À chaque arrêt, les fenêtres se ferment un peu plus. Parfois, il y a tellement de monde qu'il est difficile de lire. Parfois il y a tellement de monde que je cède mon siège et me tiens près de la porte où je peux respirer. Parfois il y a tellement de monde que le train avance avant que je puisse descendre.

Le taxi

La file d'attente de taxis sous le Dadar Flyover est le seul élément d'ordre sur une route bondée de vacanciers et de vendeurs de fruits, gajras (fleurs attachées ensemble et attachées par des femmes dans leurs cheveux) et autres bibelots. Lorsque la voiture municipale arrive, ils utilisent une série d'appels codés pour emballer et vider en quelques minutes; c'est au cours d'un tel raid / course que j'ai réalisé que la rue était en fait assez large.

Un gars rejoint la ligne derrière moi. "Partagez Taxi, na?" il demande. Un taxi partagé circule entre un itinéraire prédéfini et transporte 4 passagers, chacun paiera Rs.10 pour le trajet, quel que soit l'endroit où ils descendent le long de l'itinéraire. C'est plus confortable qu'un bus et c'est moins cher que de prendre un taxi seul.

Je partage le taxi avec un tailleur-pantalon à rayures, un salwar-kameez orange et un tee-shirt vert. La cabine est vieille et l'intérieur est fatigué. La fenêtre est tachée et ne s'ouvre qu'à mi-chemin. Quand nous nous arrêtons au feu, un gamin s'approche de moi avec une pile de livres piratés. Ses vêtements sont mal ajustés. Son sourire est large; il a vu le livre ouvert sur mes genoux.

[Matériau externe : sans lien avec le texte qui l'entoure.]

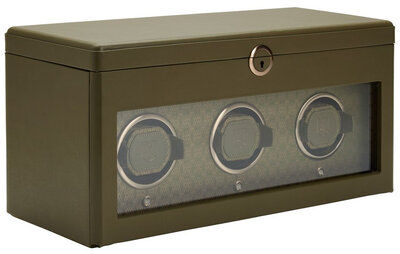 Natahovač Wolf Earth 190541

Didi, les meilleurs livres à moitié prix. Ai-je!»Crie-t-il alors que la lumière change.

Nous traversons deux mondes à une distance de deux feux. À une extrémité se trouvent les projets de logements communautaires, les écoles publiques et les devantures de magasins criardes. A l'autre se trouvent les multinationales, les salles d'exposition et les centres commerciaux; Les usines textiles de Mumbai se trouvaient autrefois ici. J'ai entendu les histoires de mon père - des bonnes années, de la grève et de la fermeture de la plupart des usines les années suivantes. J'attrape l'émotion avant qu'il hausse les épaules et dit, «de toute façon…»

Au bout de la rue, le taxi s'arrête bruyamment à deux minutes de mon bureau. Je récupère mon sac, ma veste et mon livre de poche, je paie le chauffeur de taxi et je descends. Aujourd'hui, j'ai une brochure à terminer et des blogs à lire. Je saisis ma carte-clé et je retourne prendre le thé.

Voir la vidéo: En route to MUMBAI (Décembre 2020).